Reporter: Teodosius Domina | Editor: Rizki Caturini
KONTAN.CO.ID - Penelusuran kasus korupsi pemberian surat keterangan lunas (SKL) kepada obligor BLBI mengalami kemajuan. Ini setelah penyidik Komisi Pemberantasan Korupsi (KPK) menggeledah rumah dan kantor tersangka Syafruddin Arsyad Temenggung.
Dalam penggeledahan ini KPK menemukan petunjuk berupa dokumen yang bakal membantu pengusutan perkara. "Dari kedua lokasi penyidik menyita sejumlah dokumen yang akan dipelajari lebih lanjut oleh tim untuk mendukung proses penyidikan yg dilakukan," kata Kepala Biro Humas KPK Febri Diansyah, Rabu (20/9).
Rumah milik tersangka yang dimaksud berlokasi di Cipete, Jakarta Selatan.
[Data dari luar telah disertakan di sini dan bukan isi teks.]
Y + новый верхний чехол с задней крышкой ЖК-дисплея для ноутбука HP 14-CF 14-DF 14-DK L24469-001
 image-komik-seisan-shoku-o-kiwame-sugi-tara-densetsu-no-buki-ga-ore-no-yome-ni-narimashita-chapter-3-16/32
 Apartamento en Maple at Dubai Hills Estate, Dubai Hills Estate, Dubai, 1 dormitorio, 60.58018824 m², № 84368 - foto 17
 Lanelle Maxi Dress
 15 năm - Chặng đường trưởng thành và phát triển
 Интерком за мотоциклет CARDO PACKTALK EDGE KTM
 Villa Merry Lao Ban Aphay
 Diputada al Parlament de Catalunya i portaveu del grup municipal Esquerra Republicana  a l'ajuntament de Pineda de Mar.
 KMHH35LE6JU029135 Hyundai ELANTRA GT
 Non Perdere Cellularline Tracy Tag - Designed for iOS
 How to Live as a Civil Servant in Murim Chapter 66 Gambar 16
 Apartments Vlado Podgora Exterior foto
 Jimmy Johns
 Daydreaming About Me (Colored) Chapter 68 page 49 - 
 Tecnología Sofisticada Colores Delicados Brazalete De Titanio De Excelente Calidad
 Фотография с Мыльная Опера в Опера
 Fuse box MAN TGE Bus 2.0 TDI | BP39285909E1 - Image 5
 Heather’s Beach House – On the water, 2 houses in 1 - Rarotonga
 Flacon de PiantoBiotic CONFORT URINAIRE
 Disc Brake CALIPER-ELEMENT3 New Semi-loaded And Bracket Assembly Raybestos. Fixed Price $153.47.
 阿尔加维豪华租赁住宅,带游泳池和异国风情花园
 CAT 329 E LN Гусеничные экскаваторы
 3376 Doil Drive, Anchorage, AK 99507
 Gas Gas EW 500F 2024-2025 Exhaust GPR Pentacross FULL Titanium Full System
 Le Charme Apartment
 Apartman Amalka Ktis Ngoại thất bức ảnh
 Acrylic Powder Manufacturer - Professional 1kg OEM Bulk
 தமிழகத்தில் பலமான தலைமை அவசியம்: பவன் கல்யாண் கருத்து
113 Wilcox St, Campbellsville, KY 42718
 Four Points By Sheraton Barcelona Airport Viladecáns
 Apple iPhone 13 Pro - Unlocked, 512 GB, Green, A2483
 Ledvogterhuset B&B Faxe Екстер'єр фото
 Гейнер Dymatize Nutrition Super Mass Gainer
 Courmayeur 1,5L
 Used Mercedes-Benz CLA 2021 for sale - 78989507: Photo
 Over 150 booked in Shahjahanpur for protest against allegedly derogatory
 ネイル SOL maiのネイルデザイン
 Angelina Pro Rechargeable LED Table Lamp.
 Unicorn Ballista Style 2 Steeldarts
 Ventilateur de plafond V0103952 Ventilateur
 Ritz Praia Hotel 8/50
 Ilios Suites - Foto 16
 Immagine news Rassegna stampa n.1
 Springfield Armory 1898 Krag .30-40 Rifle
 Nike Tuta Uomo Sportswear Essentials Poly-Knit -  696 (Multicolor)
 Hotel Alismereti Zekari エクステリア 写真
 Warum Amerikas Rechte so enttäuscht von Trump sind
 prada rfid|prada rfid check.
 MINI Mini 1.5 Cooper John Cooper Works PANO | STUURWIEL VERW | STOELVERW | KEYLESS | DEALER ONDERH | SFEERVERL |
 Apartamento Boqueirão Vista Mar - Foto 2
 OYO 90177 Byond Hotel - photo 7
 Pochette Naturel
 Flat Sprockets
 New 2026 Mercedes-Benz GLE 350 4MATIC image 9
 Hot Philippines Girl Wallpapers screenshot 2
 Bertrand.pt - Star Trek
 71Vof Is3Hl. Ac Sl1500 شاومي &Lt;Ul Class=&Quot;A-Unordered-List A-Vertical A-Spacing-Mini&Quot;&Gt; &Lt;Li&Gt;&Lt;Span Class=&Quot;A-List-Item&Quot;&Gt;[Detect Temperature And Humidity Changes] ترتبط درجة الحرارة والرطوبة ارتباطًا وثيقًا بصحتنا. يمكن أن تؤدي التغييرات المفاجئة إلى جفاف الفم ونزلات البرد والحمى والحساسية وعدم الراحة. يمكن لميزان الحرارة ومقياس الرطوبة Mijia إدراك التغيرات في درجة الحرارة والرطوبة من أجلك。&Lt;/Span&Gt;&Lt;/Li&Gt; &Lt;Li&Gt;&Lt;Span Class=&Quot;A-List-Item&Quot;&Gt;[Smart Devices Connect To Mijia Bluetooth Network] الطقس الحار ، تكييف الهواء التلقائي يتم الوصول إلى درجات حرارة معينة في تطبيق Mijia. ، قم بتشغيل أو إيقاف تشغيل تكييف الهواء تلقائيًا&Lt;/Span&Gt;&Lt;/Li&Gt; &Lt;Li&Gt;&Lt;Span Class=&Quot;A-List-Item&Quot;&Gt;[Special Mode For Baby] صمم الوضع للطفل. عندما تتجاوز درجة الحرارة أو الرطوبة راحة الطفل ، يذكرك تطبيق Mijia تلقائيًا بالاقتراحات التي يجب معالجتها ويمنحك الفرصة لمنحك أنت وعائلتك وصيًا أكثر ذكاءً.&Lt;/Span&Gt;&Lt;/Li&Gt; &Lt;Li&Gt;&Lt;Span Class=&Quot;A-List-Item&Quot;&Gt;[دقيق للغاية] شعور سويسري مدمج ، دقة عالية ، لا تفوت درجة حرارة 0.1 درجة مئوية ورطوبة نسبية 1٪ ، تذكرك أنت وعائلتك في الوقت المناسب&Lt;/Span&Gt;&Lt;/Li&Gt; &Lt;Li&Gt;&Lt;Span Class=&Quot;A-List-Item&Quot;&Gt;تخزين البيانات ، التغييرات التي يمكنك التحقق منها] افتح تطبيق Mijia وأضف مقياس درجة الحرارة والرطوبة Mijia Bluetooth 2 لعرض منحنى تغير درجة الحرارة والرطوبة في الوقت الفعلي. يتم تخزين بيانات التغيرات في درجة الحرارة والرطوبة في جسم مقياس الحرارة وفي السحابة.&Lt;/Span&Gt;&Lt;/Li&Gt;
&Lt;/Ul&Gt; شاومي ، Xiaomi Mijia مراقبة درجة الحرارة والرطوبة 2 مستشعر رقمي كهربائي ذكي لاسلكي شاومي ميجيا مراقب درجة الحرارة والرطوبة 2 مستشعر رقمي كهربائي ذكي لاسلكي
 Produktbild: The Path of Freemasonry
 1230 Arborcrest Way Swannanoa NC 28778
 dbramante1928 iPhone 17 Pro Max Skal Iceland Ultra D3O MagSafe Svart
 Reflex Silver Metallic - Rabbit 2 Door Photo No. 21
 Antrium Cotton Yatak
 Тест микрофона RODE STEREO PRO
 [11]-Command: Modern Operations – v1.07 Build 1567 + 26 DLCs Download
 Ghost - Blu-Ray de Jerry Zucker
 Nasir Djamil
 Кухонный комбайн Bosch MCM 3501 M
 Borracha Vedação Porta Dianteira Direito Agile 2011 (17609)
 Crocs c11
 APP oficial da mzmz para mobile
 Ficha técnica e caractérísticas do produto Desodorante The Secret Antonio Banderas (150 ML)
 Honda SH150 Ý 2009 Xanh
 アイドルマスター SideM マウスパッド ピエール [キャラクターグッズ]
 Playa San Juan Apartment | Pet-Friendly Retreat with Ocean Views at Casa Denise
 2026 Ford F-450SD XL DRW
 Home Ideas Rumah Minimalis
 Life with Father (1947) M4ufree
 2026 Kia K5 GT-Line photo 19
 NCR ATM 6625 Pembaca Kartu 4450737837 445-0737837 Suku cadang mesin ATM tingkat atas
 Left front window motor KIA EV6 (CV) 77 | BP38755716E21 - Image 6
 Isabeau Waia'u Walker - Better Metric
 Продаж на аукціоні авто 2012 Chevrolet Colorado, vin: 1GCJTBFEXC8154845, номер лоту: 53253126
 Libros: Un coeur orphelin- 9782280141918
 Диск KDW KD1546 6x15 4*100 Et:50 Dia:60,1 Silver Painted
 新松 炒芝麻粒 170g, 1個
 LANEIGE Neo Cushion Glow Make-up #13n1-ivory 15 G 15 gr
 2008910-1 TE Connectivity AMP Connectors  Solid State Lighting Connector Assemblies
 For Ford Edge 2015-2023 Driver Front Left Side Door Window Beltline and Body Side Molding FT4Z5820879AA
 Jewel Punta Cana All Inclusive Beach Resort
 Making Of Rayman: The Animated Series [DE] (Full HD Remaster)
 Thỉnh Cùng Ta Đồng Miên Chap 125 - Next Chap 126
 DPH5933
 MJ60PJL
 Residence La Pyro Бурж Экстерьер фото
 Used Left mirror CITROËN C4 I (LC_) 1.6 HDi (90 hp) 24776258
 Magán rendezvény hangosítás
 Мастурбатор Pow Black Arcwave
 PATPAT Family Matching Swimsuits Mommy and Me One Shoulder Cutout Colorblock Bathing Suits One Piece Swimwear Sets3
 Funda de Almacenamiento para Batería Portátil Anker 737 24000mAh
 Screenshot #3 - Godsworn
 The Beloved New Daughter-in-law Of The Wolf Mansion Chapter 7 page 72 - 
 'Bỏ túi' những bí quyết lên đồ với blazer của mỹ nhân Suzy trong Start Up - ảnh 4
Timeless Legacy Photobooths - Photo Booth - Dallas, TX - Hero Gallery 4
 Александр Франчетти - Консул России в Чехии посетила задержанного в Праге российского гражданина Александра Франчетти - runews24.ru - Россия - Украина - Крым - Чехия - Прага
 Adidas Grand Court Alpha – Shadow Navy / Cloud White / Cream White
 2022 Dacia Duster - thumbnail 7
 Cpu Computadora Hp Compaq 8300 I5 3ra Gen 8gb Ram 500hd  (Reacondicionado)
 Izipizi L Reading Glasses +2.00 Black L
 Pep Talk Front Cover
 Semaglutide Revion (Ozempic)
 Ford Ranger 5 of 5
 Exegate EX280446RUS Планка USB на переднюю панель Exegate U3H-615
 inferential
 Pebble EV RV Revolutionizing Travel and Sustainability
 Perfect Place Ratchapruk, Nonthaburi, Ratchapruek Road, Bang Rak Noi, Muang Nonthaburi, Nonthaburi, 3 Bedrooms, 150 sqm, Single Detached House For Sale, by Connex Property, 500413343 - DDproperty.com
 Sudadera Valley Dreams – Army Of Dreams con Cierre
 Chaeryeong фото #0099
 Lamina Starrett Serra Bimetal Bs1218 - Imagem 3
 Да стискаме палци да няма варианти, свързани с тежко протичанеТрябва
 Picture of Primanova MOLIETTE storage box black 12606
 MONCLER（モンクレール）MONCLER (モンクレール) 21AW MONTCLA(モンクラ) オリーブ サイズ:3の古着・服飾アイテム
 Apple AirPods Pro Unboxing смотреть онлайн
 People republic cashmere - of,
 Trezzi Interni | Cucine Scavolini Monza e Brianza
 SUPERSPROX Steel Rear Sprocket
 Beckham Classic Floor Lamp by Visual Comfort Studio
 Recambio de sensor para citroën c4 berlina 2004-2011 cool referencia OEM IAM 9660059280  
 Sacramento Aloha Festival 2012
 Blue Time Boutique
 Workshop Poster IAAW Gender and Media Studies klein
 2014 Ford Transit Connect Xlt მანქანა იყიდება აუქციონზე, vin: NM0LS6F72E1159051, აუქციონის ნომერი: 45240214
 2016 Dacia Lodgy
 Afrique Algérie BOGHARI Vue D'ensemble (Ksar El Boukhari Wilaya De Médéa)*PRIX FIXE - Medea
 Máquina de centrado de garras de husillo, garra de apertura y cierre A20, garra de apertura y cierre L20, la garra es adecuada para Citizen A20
Sedangkan kantornya ialah PT Fortius Investment Asia yang terletak di Jl Raden Patah, Kebayoran Baru, Jakarta Selatan.
Penggeledahan di dua lokasi tersebut dilakukan secara paralel oleh penyidik KPK sejak pukul 10.00 WIB-17.00 WIB. Atas penetapannya sebagai tersangka, Syafruddin sempat tidak terima lantas mengajukan praperadilan. Namun kemudian hakim menyatakan, KPK telah menjalankan prosedur sebagaimana mestinya.
Kasus ini bermula dari krisis moneter tahun 1997/1998. Syafruddin menerbitkan SKL untuk BDNI milik taipan Sjamsul Nursalim. Saat itu, BDNI menjadi salah satu bank dari 48 bank yang mendapat bantuan dana likuiditas Bank Indonesia (BLBI).
Total bantuan likuditas BI mencapai Rp 147,7 triliun. Adapun, suntikan BLBI ke bank ini nilainya Rp 37,4 triliun. Pasca BDNI diambil alih BPPN, sisa kewajiban Nursalim menjadi Rp 28,4 triliun. Berdasarkan hasil audit Badan Pengawas Keuangan (BPK), dari total suntikan BLBI 147,7 triliun, sebesar Rp 138,7 triliun merugikan negara.